_Task statement_
Beneath this line are entries. Copy the range from the line with "Museo storico della" to the line with "LASCANA Bikini-Hose Damen schwarz Gr.36", ends included, exactly; leave pictures out.

_Dataset_
Start of Block
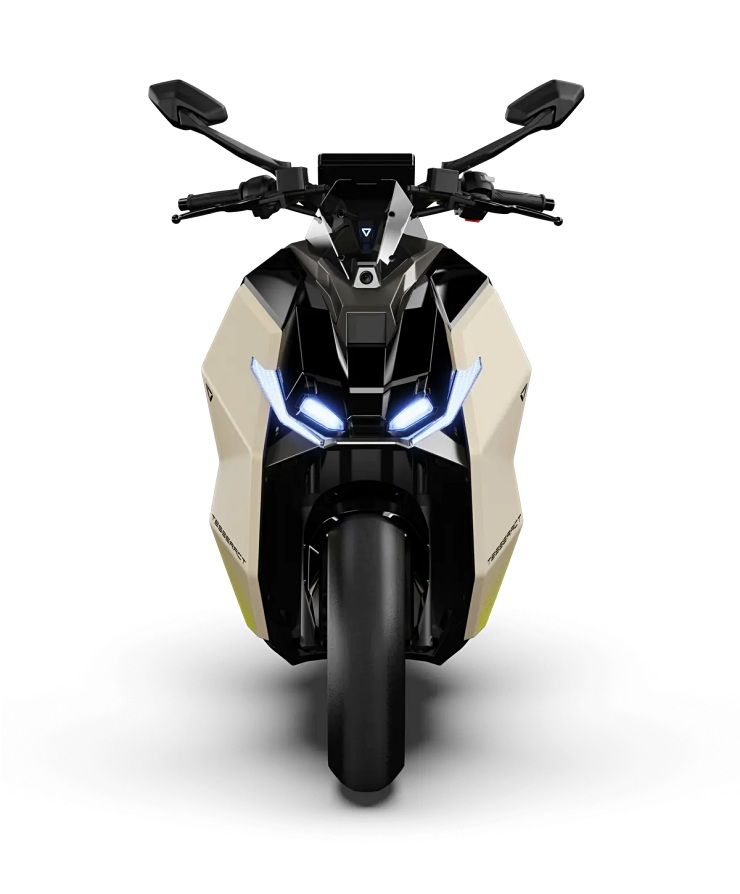 Ultraviolette Tesseract Electric Scooter Launched: Price, Specs & Features Ultraviolette Tesseract Electric Scooter Launched: Price, Specs & Features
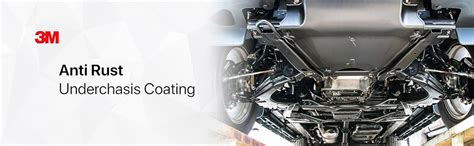 3M Underseal 1 Kg | Anti Rust | Underchassis Coating | Corrosion ...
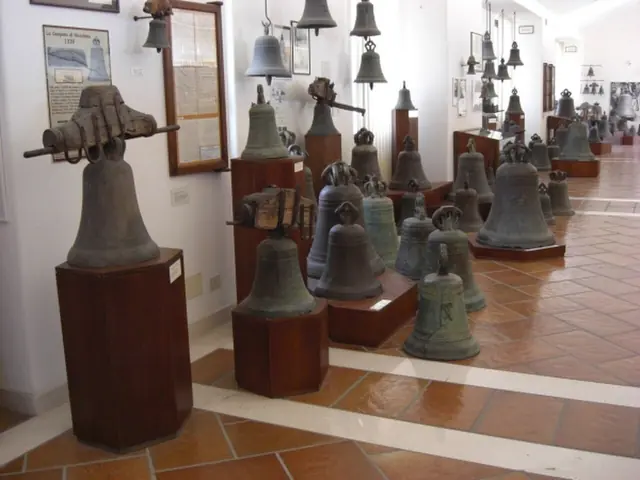 Museo storico della campana Giovanni Paolo II in Agnone
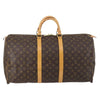 Secondhand Louis Vuitton Keepall Bag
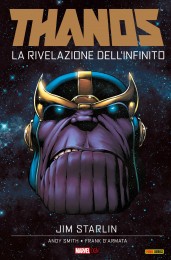 V.1 - Thanos (Marvel OGN)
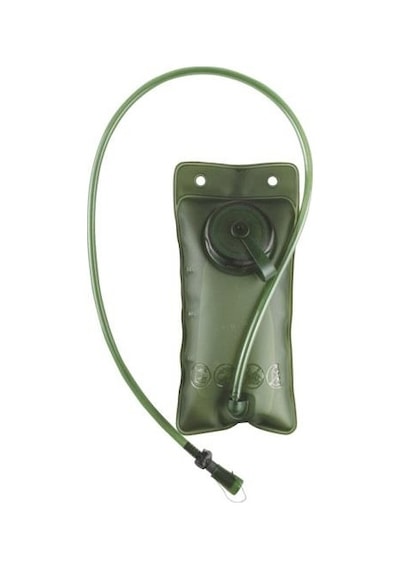 Jr Gear Hydration Bladder Sırt Çantası Suluğu 2 Litre-Yeşil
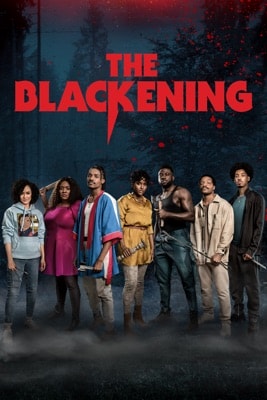 The Blackening (2023) – Filmcover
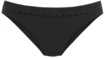 LASCANA Bikini-Hose Damen schwarz Gr.36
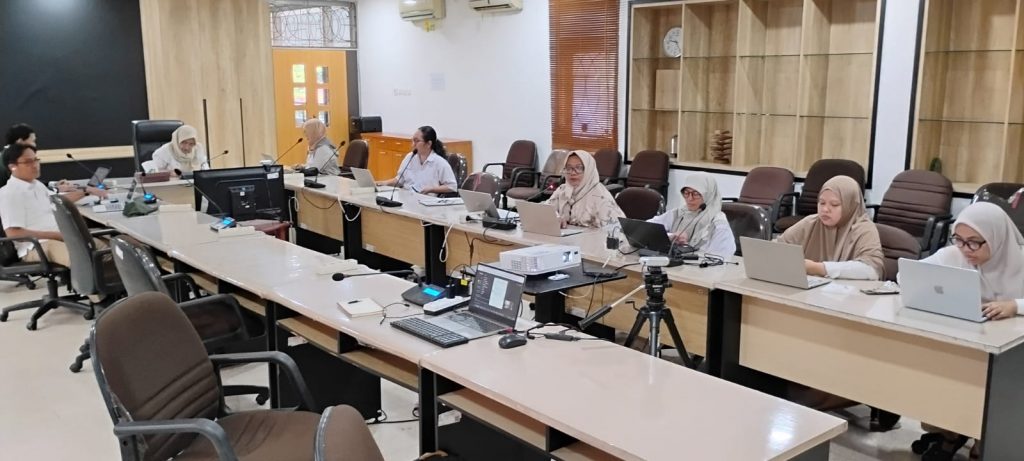 Perkuat Kontribusi Pengendalian Iklim, Pusbang Mitigasi Koordinasikan Pengumpulan Data Aksi Mitigasi dan Adaptasi Sektor Kehutanan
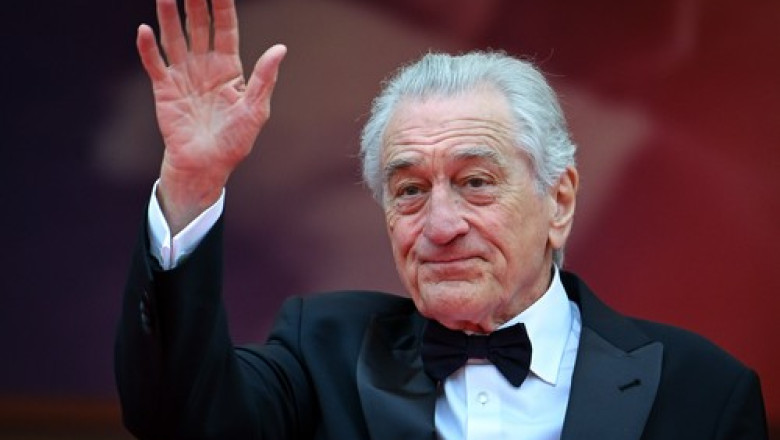 Cannes 2025. Robert De Niro ii indeamna la proteste „pe cei care iubesc libertatea” impotriva „filistinului” Donald Trump Imagine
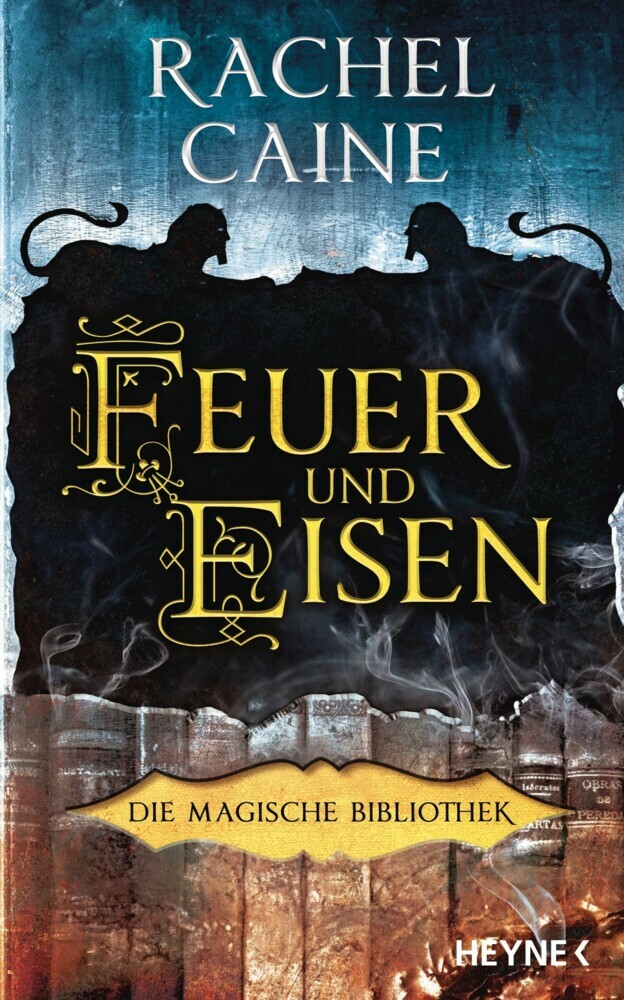Feuer und Eisen - Die Magische Bibliothek main product photo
End of Block
_Answer to the problem_
 Museo storico della campana Giovanni Paolo II in Agnone
 Secondhand Louis Vuitton Keepall Bag
 V.1 - Thanos (Marvel OGN)
 Jr Gear Hydration Bladder Sırt Çantası Suluğu 2 Litre-Yeşil
 The Blackening (2023) – Filmcover
 LASCANA Bikini-Hose Damen schwarz Gr.36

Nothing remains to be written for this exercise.